By their very nature, sunlight and wind, as renewable sources of energy, fluctuate in intensity. Intelligent power grids and energy storage systems are essential in order to compensate for these fluctuations and ensure a secure supply of power from renewable energy sources.
Energy storage solutions are required to address the need for load balancing. This is the generating capacity that electricity suppliers must keep in reserve in order to cover peak demand. The second important function of such storage systems is the stabilisation of the grid voltage. Since power grids cannot store electrical energy, the power that is drawn out must be the same as the amount of power fed into the grid at all times. If more power enters the grid than is required or more electricity is drawn out than fed in, compensatory measures are required to stabilise the grid voltage.

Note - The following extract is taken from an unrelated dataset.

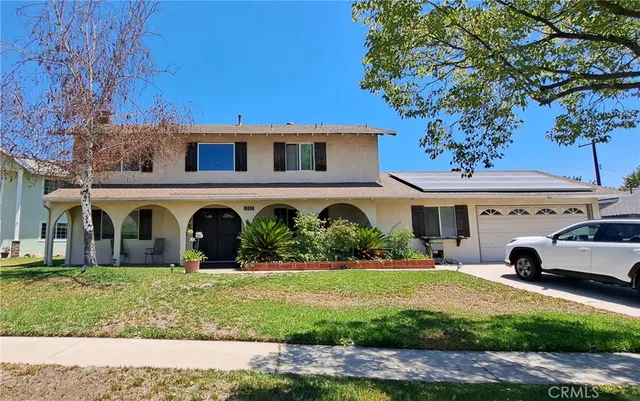 a view of a white house with a big yard and large trees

Thermal storage as a buffer for power generation
One such possibility is using batteries to store surplus power. At present, however, sufficiently large batteries with the ability to cost effectively store the excess power produced by photovoltaic power plants and wind farms are not available. In order to maintain the balance between power supply and demand, operators of photovoltaic power plants and wind farms reduce their electricity output at times when there is plenty of sunshine or wind but low demand. Some of the existing energy generating potential thus remains untapped.
Unlike photovoltaic power plants, solar thermal power plants do not obtain their power directly from solar radiation. They concentrate the incident radiation using special mirrors in order to convert it into heat. As a result, temperatures in solar tower power plants can reach 1000 degrees Celsius. Only in the power generation section of the facility is the heat converted into electrical power using a turbine and a generator.
If a thermal storage system is integrated into the power plant, it can store some of the high-temperature heat produced for electricity generation for up to 18 hours. A solar thermal power plant can thus meet the power demand at a later time with energy from a renewable source, or have heat ready to use as load balancing power to compensate for fluctuations in the power grid. Due to the fluctuations in solar radiation and variable electricity demand, thermal storage facilities at solar power plants are not being fully utilised.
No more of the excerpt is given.